California law defines sexual harassment as any unwanted conduct of a sexual nature, whether they are verbal advances or physical acts. Sexual advances, creating a hostile work environment that is blatantly sexual in nature, and sexual advances are some of the more prevalent forms of sexual harassment amongst employers.
How does California Law Prohibit Sexual Harassment?
First, employers in South San Francisco are often required to formulate company policies regarding sexual conduct, which must be posted and visible to employees.
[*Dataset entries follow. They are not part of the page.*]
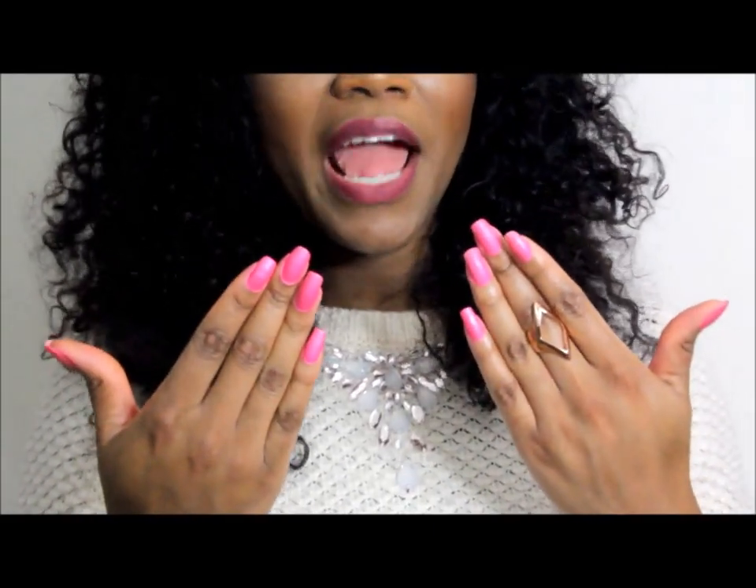Number three: be very careful applying it around carpet or furniture because it can be messy. Number four: it has quite a matte finish, so if you're after a glossy shellac kind of look, this is not the product for you. But overall I'm really pleased with the result — it stayed on really well. So if you're up for trying out this Nails Inc nail paint that comes in a can, go for it — it's great fun! Thanks for watching, stay tuned, take care, bye!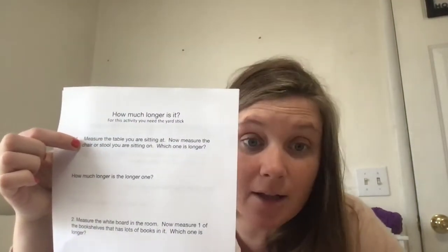Let's read what it says: measure the table you are sitting at, where it's the longest. How long is that table? Then it says: now measure the stool or chair you're sitting on. So you measure the table, then you measure whatever you're sitting on — the chair or the stool. Which one is longer? Then you write it down. Now, how much longer is the longer one?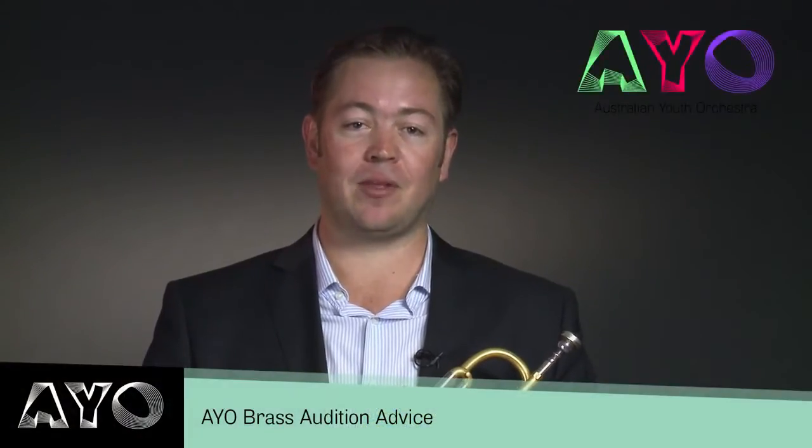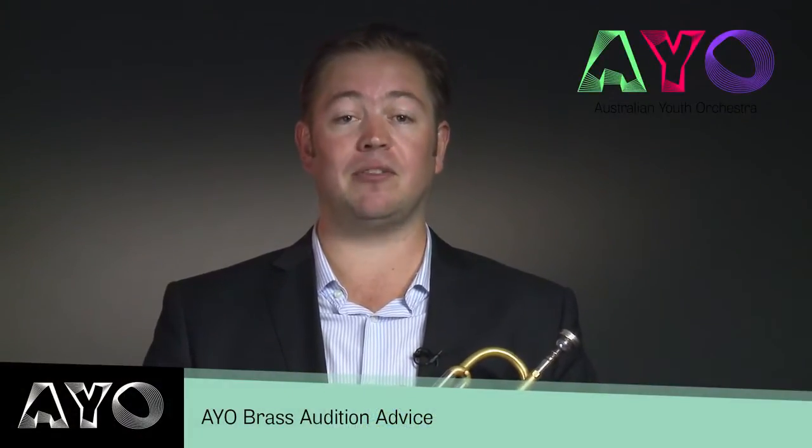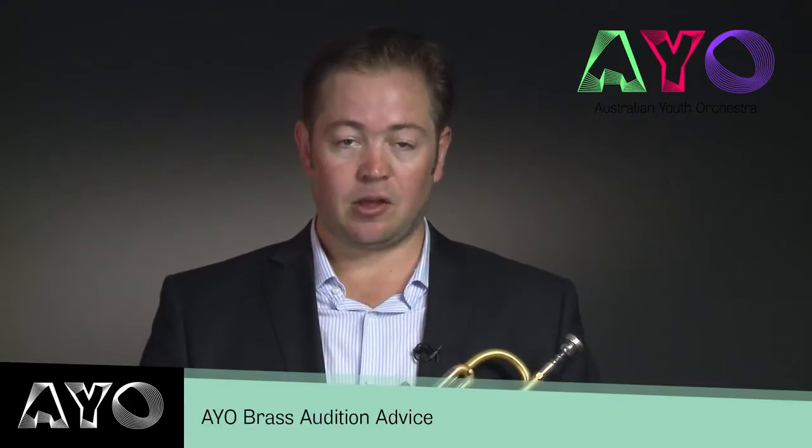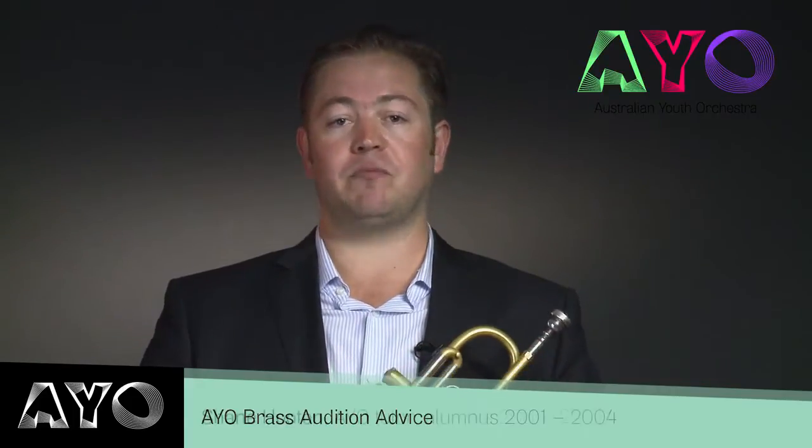Hi, today I'm here to talk to you about preparing for an Australian Youth Orchestra audition. After you apply, you'll receive the excerpts in the mail and it'll detail which piece you need to play. You'll also have to prepare an own choice piece, which you should speak to your teachers about. You can decide on the best choice.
Matters covered by such policies should include contact information used by employees to report incidents, handling procedures for claims, and corrective measures (in the event that a claim turns out to be successful).
California and federal laws established agencies that process claims involving sexual harassment. They have the authority to investigate South San Francisco workplaces regarding the conduct alleged in the complaints that have been filed with them. Additionally, these laws prohibit employers from firing an employee for alleging sexual harassment or taking any action in retaliation to a claim.
How can a California attorney help?
It can be difficult to both investigate and establish a sexual harassment claim without having any expertise in the applicable areas of law. The federal officers who investigate claims of sexual harassment are, unfortunately, frequently too busy to give much attention to any one claim. With that in mind, you should consider speaking with an attorney in South San Francisco, as this may be the ideal way to ensure that your claim is filed before the deadlines set by the laws of California.